Honestly I don't know how I sound the way I do - My ears are always switched on searching for cool and unusual sounds. I hear them in the hustle and bustle of city streets, building sites, cafes, and playgrounds. I have a vivid imagination, and can tune out and step right into a dream, at the drop of a hat. My friends think that my head is in the clouds and my producer Jonathan Zion thinks there is no doubt about it. This doesn't bother me at all, it's how I write my songs. It's very magical. I just sit at my piano, gaze out my window and dream. It's almost as if the melodies and stories flow in with the breeze. I find it to be a very strange process and feel that they have been traveling endlessly all over the world, and I simply had to be in the right place at the right time ready to receive them as they floated by.
Sonically, I relate more to old things, the charm and puzzling stories behind them. I have a fascination with mysterious people too, the unknown and peculiar thoughts that could be running though their minds. I like keeping my narratives free, and focusing more on the feeling, so that people can paint their own pictures to my songs, and interpret them as they wish. I think I do this because I am an Aquarian and want to be able to connect with an audience on a greater level and be aware of what they may be feeling.
As an infant, I could hum before I could speak. I grew up listening to Opera, and classic jazz, whilst dozing under my mother's easel as she painted away quietly. I began violin lessons at the age of five. And immediately used it as an escape machine, if I had behaved mischievously and was sent to my room, I would recline on my bed with my legs crossed and play boisterously until I was allowed out again.
Later in high school I took up piano and had a short time of vocal training. I was very privileged to be able to attend one of the few schools in Australia that actually had a Jazz syllabus, which is run by a strict and intense head of music. I was in fact frightened into practicing, afraid of the consequences of attending classes unprepared. So I learnt the repertoire all by heart. In retrospect, these years really pushed my musical knowledge and developed my ears to a point that I was able to start hearing more complexed harmony, melody and understand chord progressions. This has been a vital underpinning skill when it came to composing a number of my songs.

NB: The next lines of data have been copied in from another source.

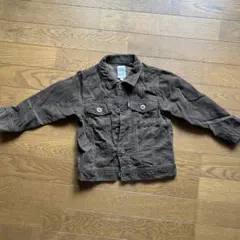 B:MING by BEAMS コーデュロイジャケット 100cmのサムネイル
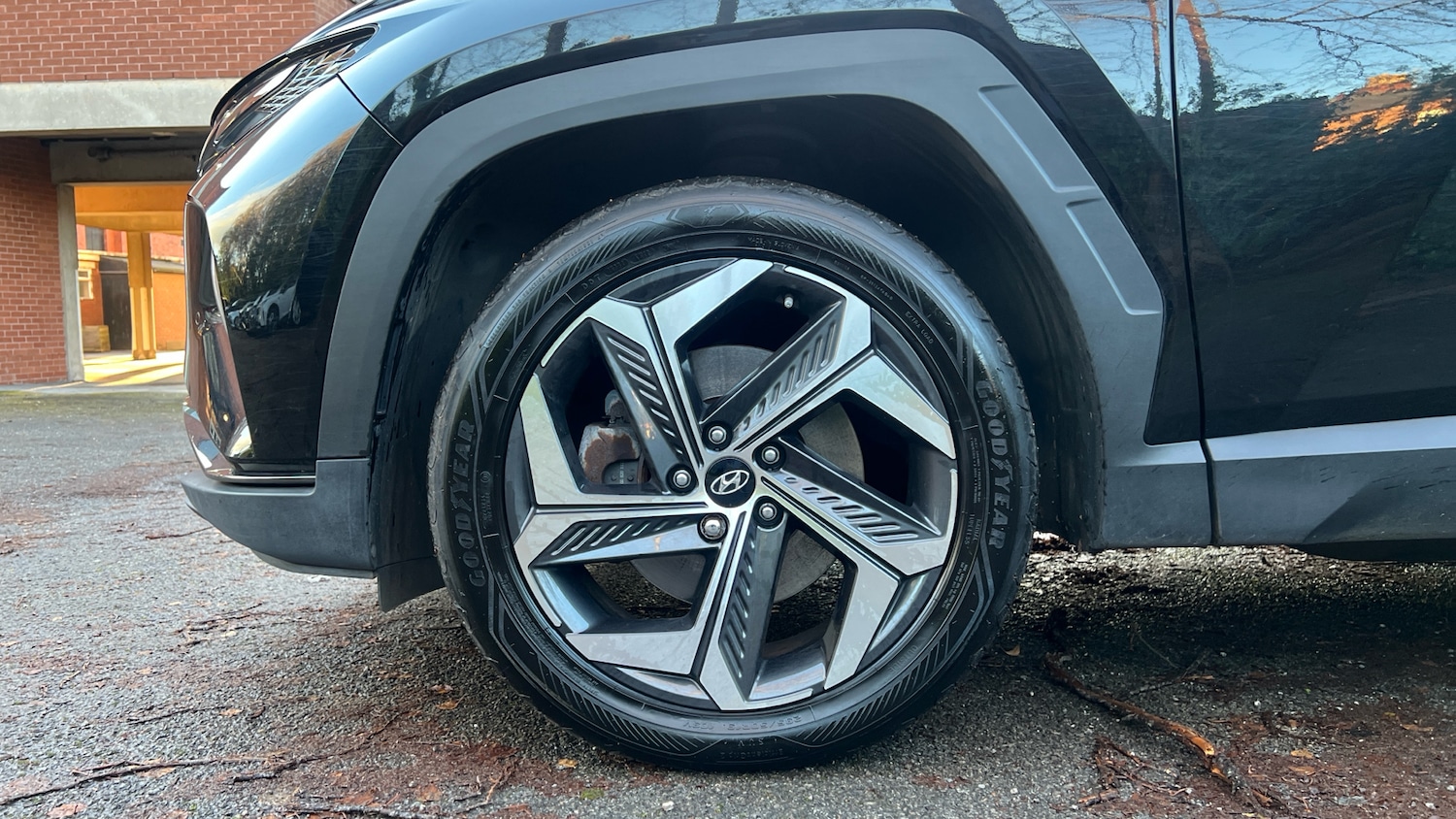 Used Hyundai TUCSON 2021 for sale - 76754117: Photo 14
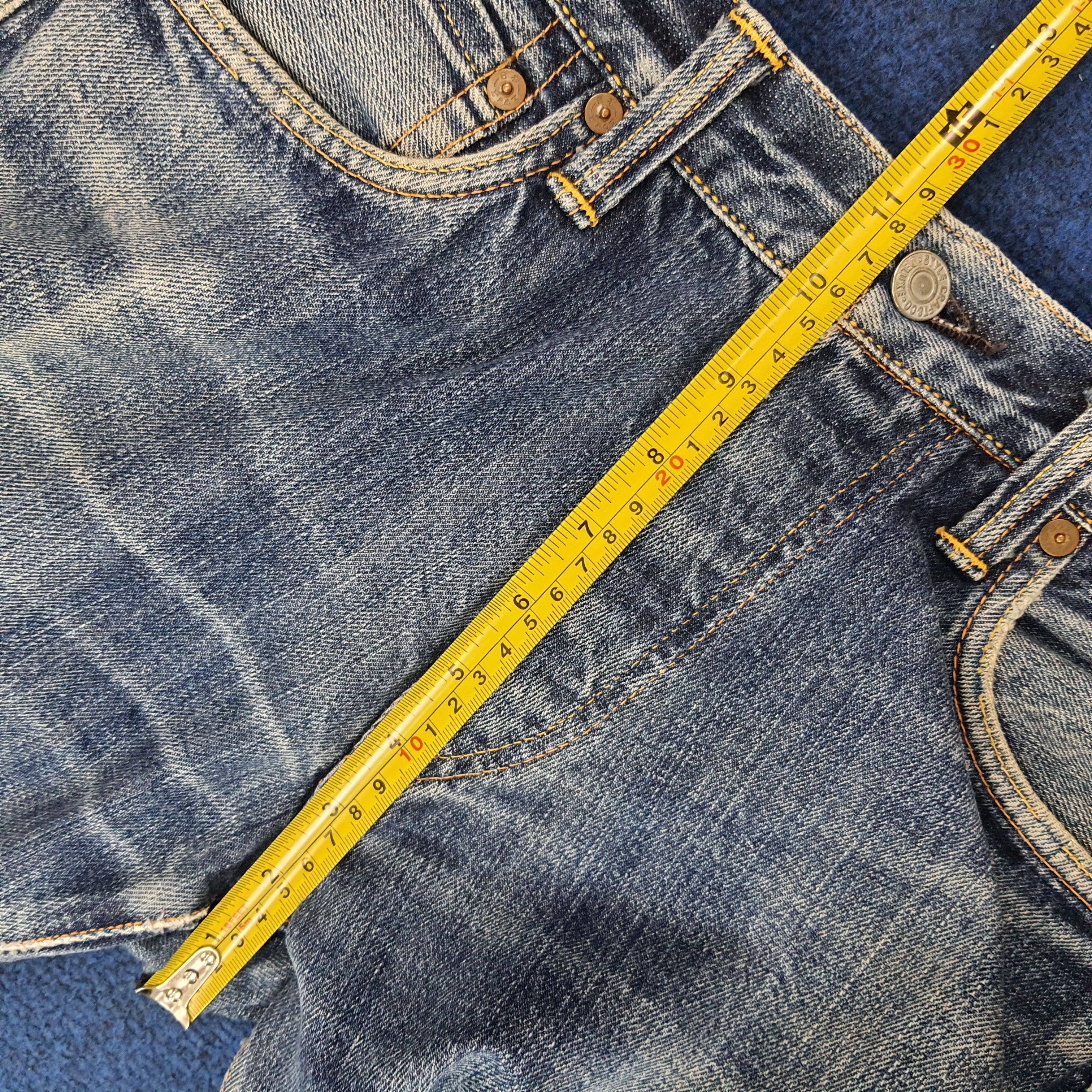 Evisu Vintage Evisu Japan Selvedge Custom Daicock Jeans C265N32 Size US 27 - 13 Thumbnail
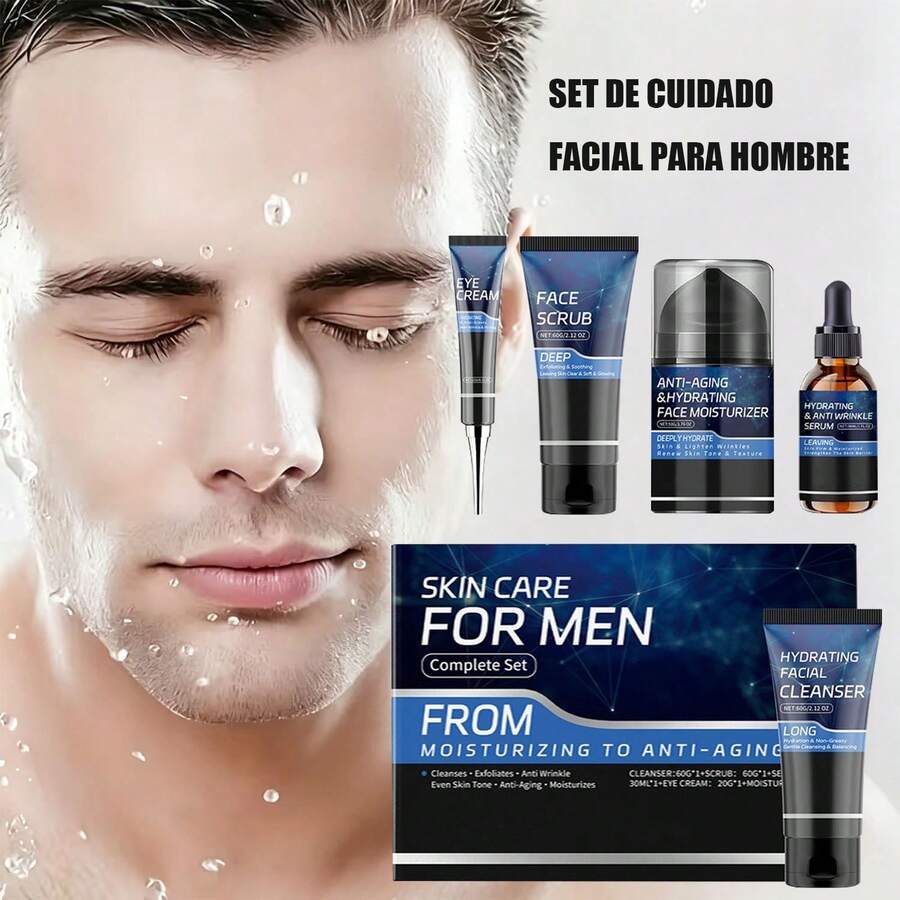 Men Grooming Kit - Collagen - View 1
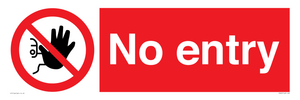 PA26: no entry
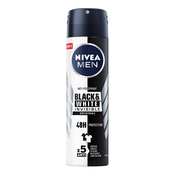 NIVEA MEN Dezodorans Black & White Invisible Original 150ml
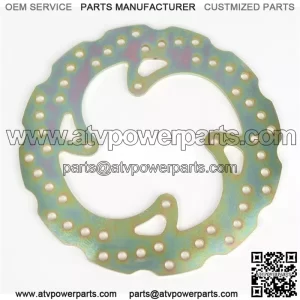 Motocross Contour Brake Rotor (MD6158C)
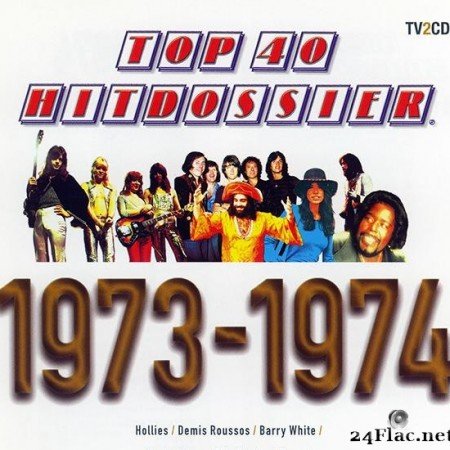 VA - Top 40 HitDossier 1973-1974 (2001) [FLAC (tracks + .cue)]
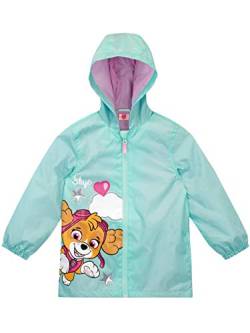 PAW PATROL Mädchen Regenmäntel Skye Blau 86 von PAW PATROL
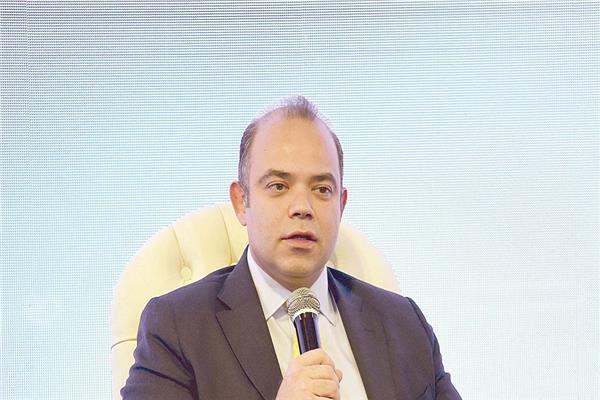 محمد فريد رئيس البورصة المصرية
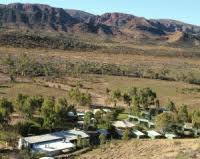 Ross River Resort, Eastern Arrernte Country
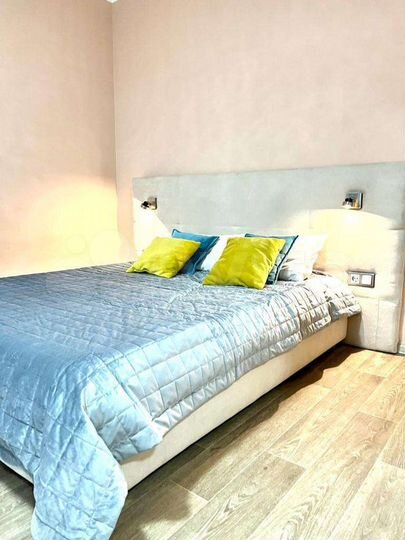 1-к. квартира, 40 м², 3/16 эт.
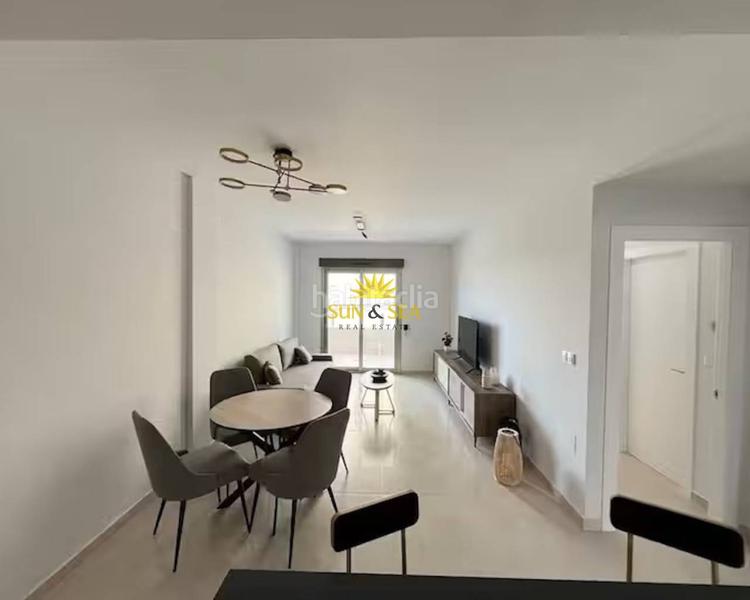 Foto 85ea2a9c-0c1f-4942-9462-e4c9d5f010cf. Location appartement avec chauffage parking piscine dans Alcázares (Los)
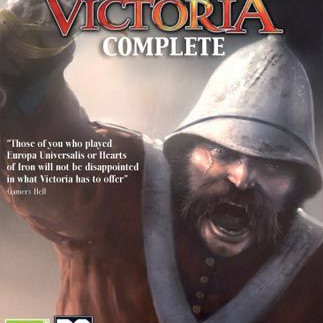 Victoria Complete Steam Key GLOBAL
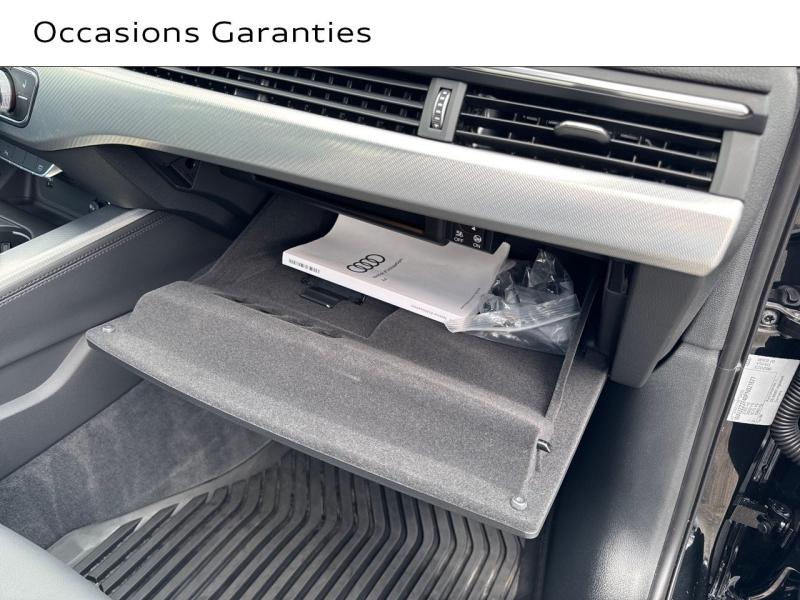 Voitures occasions Audi A4 Avus Tomblaine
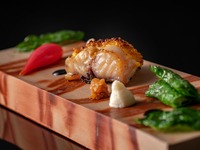 ☆ Chef's Recommended Kaiseki Course: Touka Dinner Limited to 15 Meals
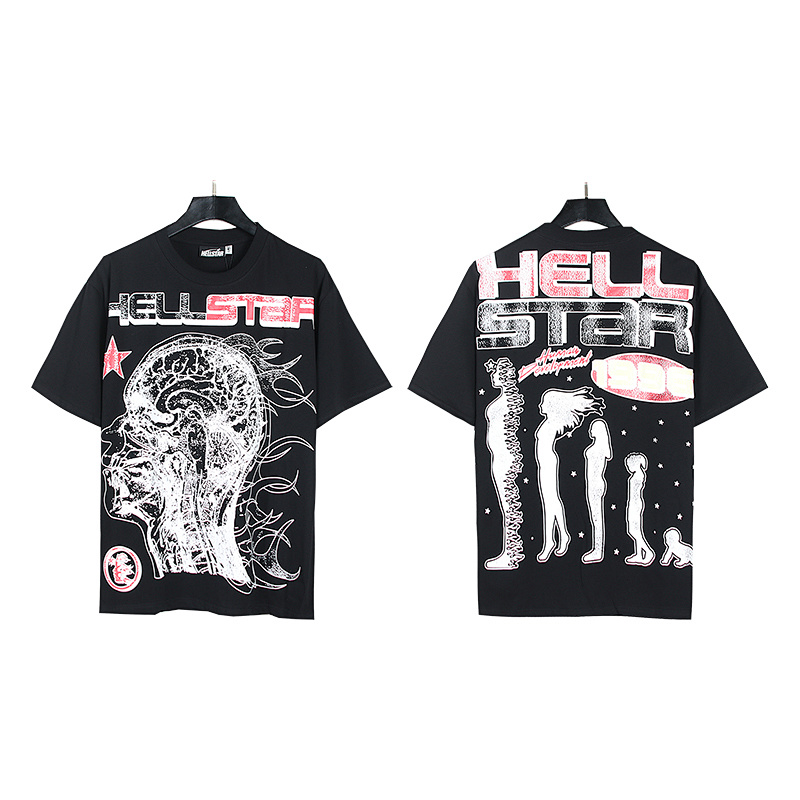 Hellstar New Color 511 Short Sleeve T-Shirt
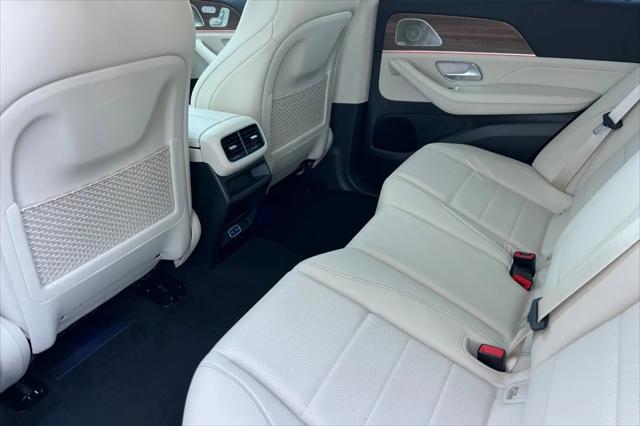 2026 Mercedes-Benz GLE GLE 450 4MATIC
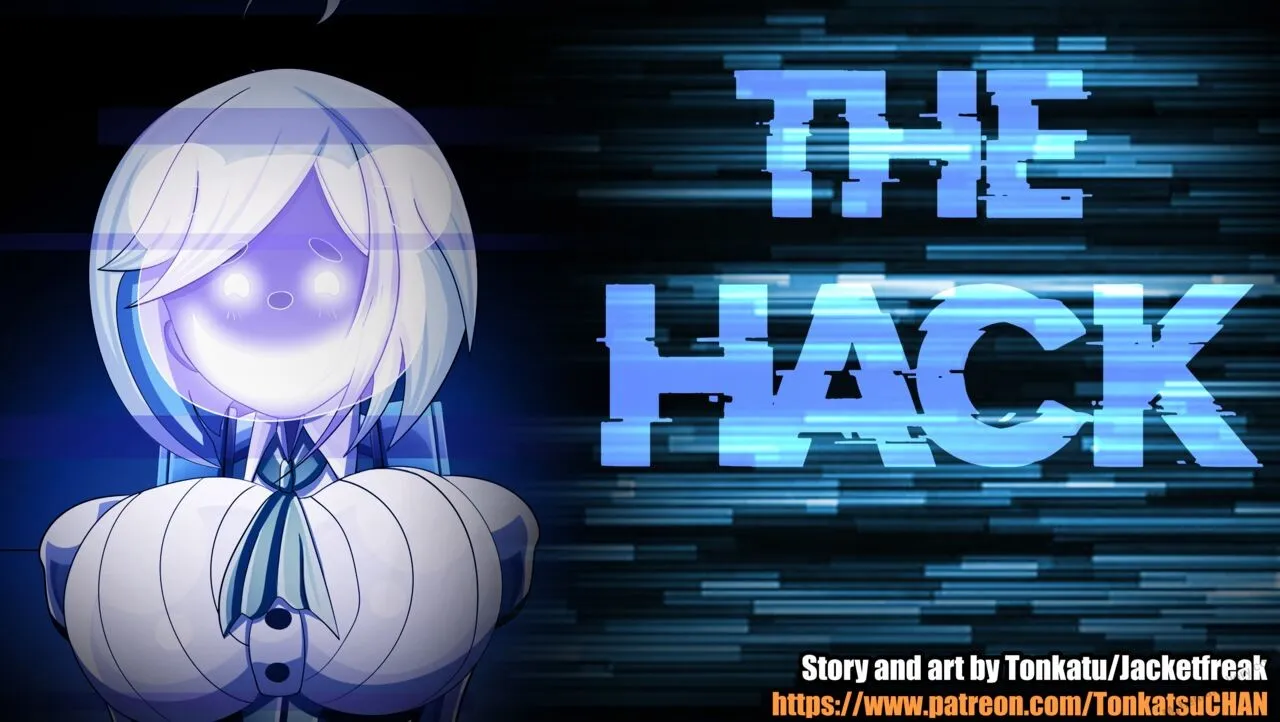 The Hack porno comics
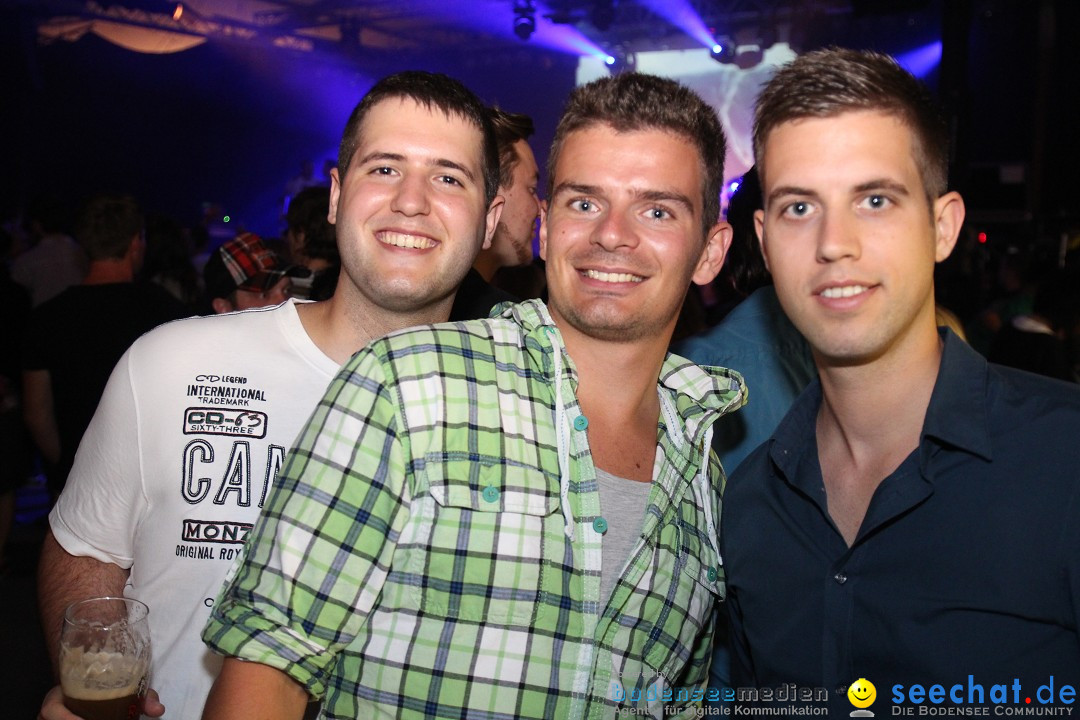 CRASH und Bandcontest: Schweizertag: Stockach am Bodensee, 28.06.2014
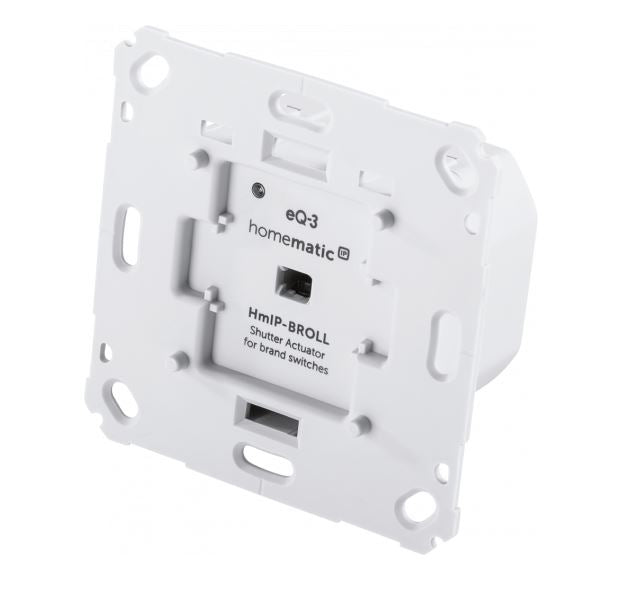 Homematic IP Rollladenaktor für Markenschalter | eQ-3 | HmIP-BROLL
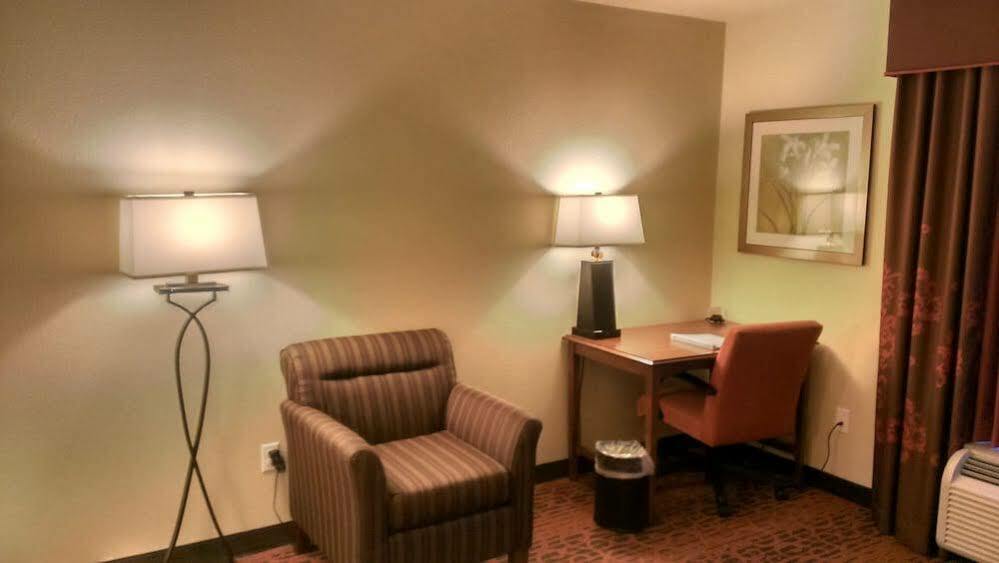 Hampton Inn And Suites Seattle - Airport / 28Th Avenue SeaTac Kültér fotó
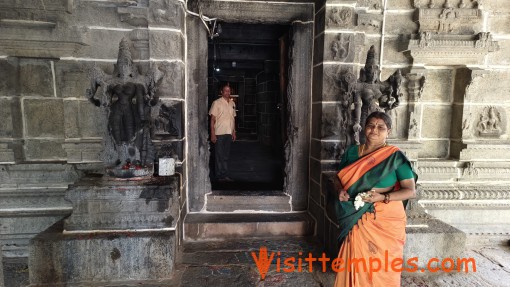 Sri Yoga Ramar Temple, Nedungunam, Tiruvannamalai District, Tamil Nadu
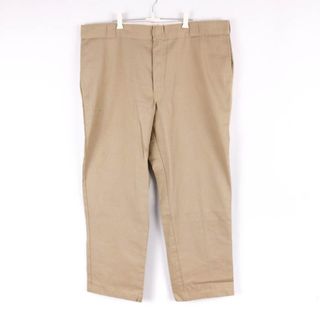 ディッキーズ(Dickies)のディッキーズ ワークパンツ ペインターパンツ 874 オリジナルフィット 大きいサイズ ボトムス メンズ 42×29サイズ ベージュ Dickies(その他)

I wrote "Smoke in the City" when I was sixteen and living away from home, at boarding school. I would spend every minute I had hidden away in a tiny dark room in the music building, escaping from life, to my preferred imaginary world. For me, at that stage, the song was about waiting to share my music with the world. And today it brings me great joy to be able to sing that, in front of a live audience. It was this song that made it to the final three in the 2008 John Lennon Songwriting Contest (Jazz), and that was an absolute thrill.
Endeavoring to do some soul searching, I ran away to China on my own at the age of eighteen, to sing and play piano in a Hotel, in a small village just out of Shanghai. When I arrived, I was sent straight to the kitchen, and spent my days chopping fruit. It was a little dull, however I passed time by singing to all who would listen, of course they didn't speak English, but it was the music that enabled us to communicate. Weeks later I did end up playing and singing in the Bar, but to be honest, I gained much more from my time spent in the kitchen.
On returning home to Melbourne, I could hear the live music scene calling me. I fully immersed myself in the culture and became more inspired than ever. Ideas and songs were flowing into my head like a never ending waterfall and I almost felt overwhelmed.
I met my producer Jonathan Zion in 2008. Upon our first meeting I sensed that he got what I was about instantly. He saw depth and vulnerability in my songs and enabled them to swell into something magnificent, adding sounds that I had only ever dreamed of, with lush string arrangements, the ethnic sounding piano accordion and a touch of the childlike glockenspiel.
Some months later the album was finished. I was astounded at how my songs had developed and was blown away by how superbly everyone had played. I had a burning feeling that this was something very special. I always have had faith in my songs, however hearing them now shed a new and brighter light on them.
One of the legacy's that will be forever imprinted in this album is the exquisite piano playing of Will Poskitt, who tragically died just weeks after our first recording session. He brought immense beauty and spirit to the music. Jonathan, still devastated by Will's death, has brought another beautiful soul, Luke Howard into our band. He is equally unique and a remarkable musician. Together with the brilliant drummer Barnaby Gold we move on as a core ensemble, and are all blessed to have one another and be able to make music together.
This album has been an intense journey, musically, personally and emotionally. And I am awfully proud of it.